PDF export of full page

curl -H "Authorization: Bearer sp_live_YOUR_KEY" \
  "https://shotpilot.dev/api/v1/screenshot?url=https://example.com&format=pdf&full_page=true" \
  -o page.pdf

SDKs & samples

No SDK required — the API is plain HTTP. Drop in one of these snippets from your language of choice.

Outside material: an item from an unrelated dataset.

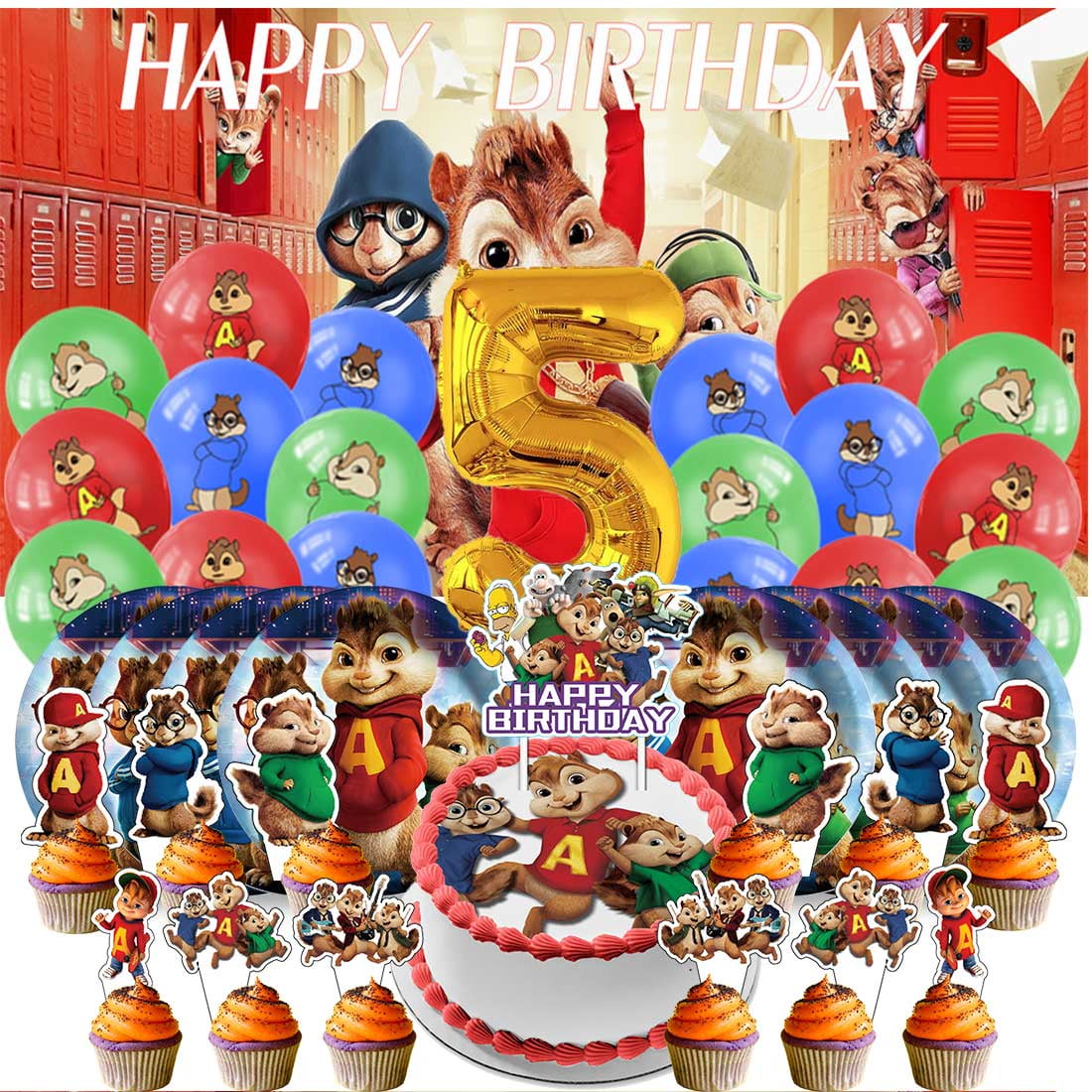 Alvin and The Chipmunks Balloons Party Supplies 1st Decor Tableware Birthday Cake Topper Decorations Banner Backdrop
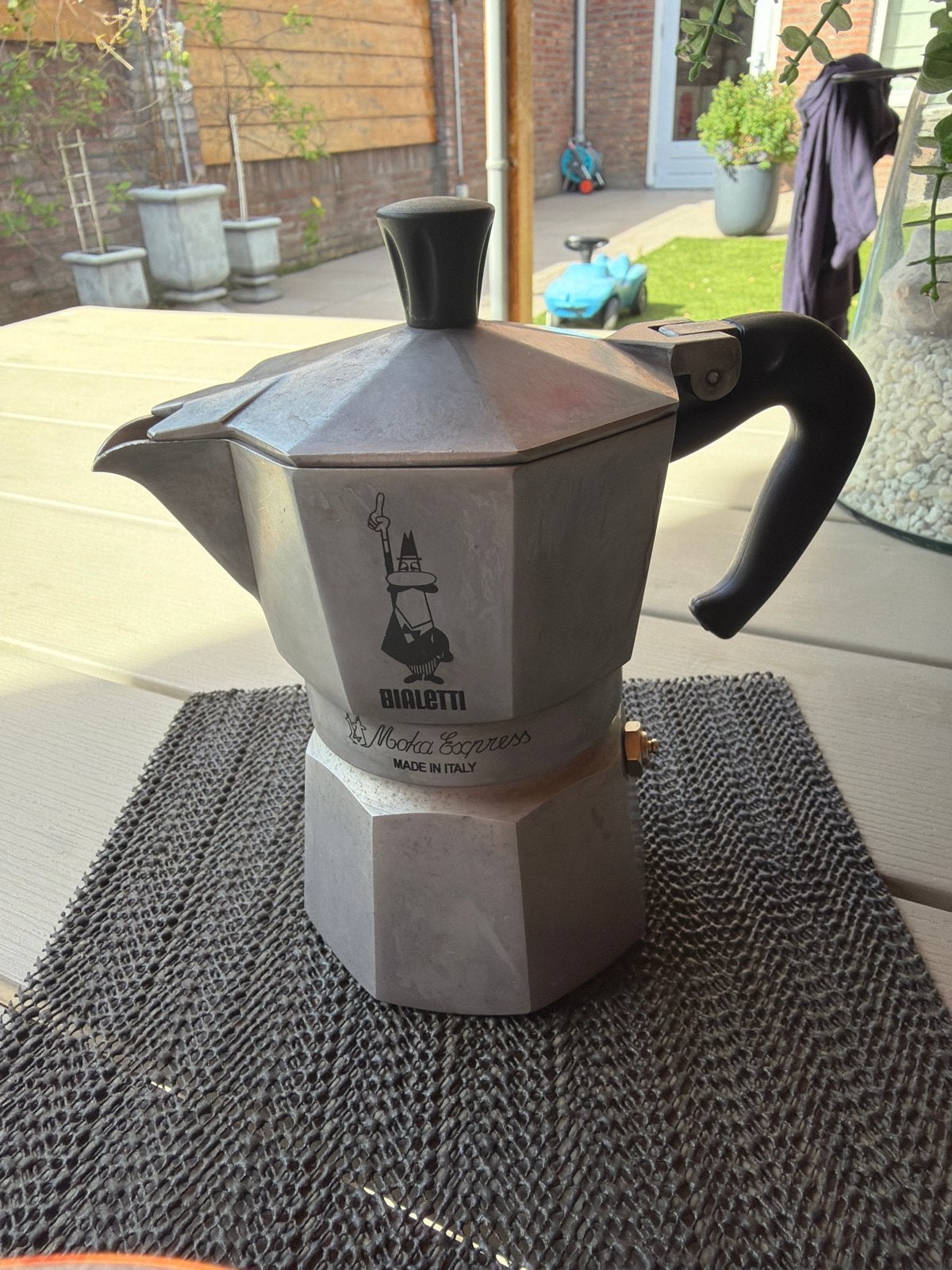 Bialetti Moka Express percolator - 1 kopje., Witgoed en Apparatuur, Koffiezetapparaten, Ophalen, Gebruikt, Overige modellen, Gemalen koffie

Each writes the response body to disk.

Node.js (fetch)

import { writeFile } from "node:fs/promises";

const res = await fetch(
  "https://shotpilot.dev/api/v1/screenshot?url=https://example.com&full_page=true",
  { headers: { Authorization: `Bearer ${process.env.SHOTPILOT_KEY}` } },
);
if (!res.ok) throw new Error(`${res.status} ${await res.text()}`);
await writeFile("shot.png", Buffer.from(await res.arrayBuffer()));

Python (requests)

import os, requests

r = requests.get(
    "https://shotpilot.dev/api/v1/screenshot",
    params={"url": "https://example.com", "full_page": "true"},
    headers={"Authorization": f"Bearer {os.environ['SHOTPILOT_KEY']}"},
    timeout=30,
)
r.raise_for_status()
with open("shot.png", "wb") as f:
    f.write(r.content)

Go (net/http)

package main

import (
	"io"
	"net/http"
	"os"
)

func main() {
	req, _ := http.NewRequest("GET",
		"https://shotpilot.dev/api/v1/screenshot?url=https://example.com&full_page=true", nil)
	req.Header.Set("Authorization", "Bearer "+os.Getenv("SHOTPILOT_KEY"))
	res, err := http.DefaultClient.Do(req)
	if err != nil { panic(err) }
	defer res.Body.Close()
	f, _ := os.Create("shot.png")
	defer f.Close()
	io.Copy(f, res.Body)
}

PHP (cURL)

<?php
$ch = curl_init();
curl_setopt_array($ch, [
    CURLOPT_URL => "https://shotpilot.dev/api/v1/screenshot?url=https://example.com&full_page=true",
    CURLOPT_HTTPHEADER => ["Authorization: Bearer " . getenv("SHOTPILOT_KEY")],
    CURLOPT_RETURNTRANSFER => true,
    CURLOPT_FOLLOWLOCATION => true,
]);
$body = curl_exec($ch);
curl_close($ch);
file_put_contents("shot.png", $body);

Ruby (net/http)

require "net/http"
require "uri"

uri = URI("https://shotpilot.dev/api/v1/screenshot?url=https://example.com&full_page=true")
req = Net::HTTP::Get.new(uri)
req["Authorization"] = "Bearer #{ENV.fetch("SHOTPILOT_KEY")}"
res = Net::HTTP.start(uri.hostname, uri.port, use_ssl: true) { |http| http.request(req) }
File.binwrite("shot.png", res.body)

Rate limits

Plan	Monthly quota	Per-second limit
Free	100	1 req/s
Starter ($19/mo)	5,000	5 req/s
Pro ($49/mo)	25,000	20 req/s
Business ($149/mo)	150,000	50 req/s

When rate limited, the API returns 429 with a Retry-After header (seconds to wait). Monthly quotas reset on the 1st of each month UTC.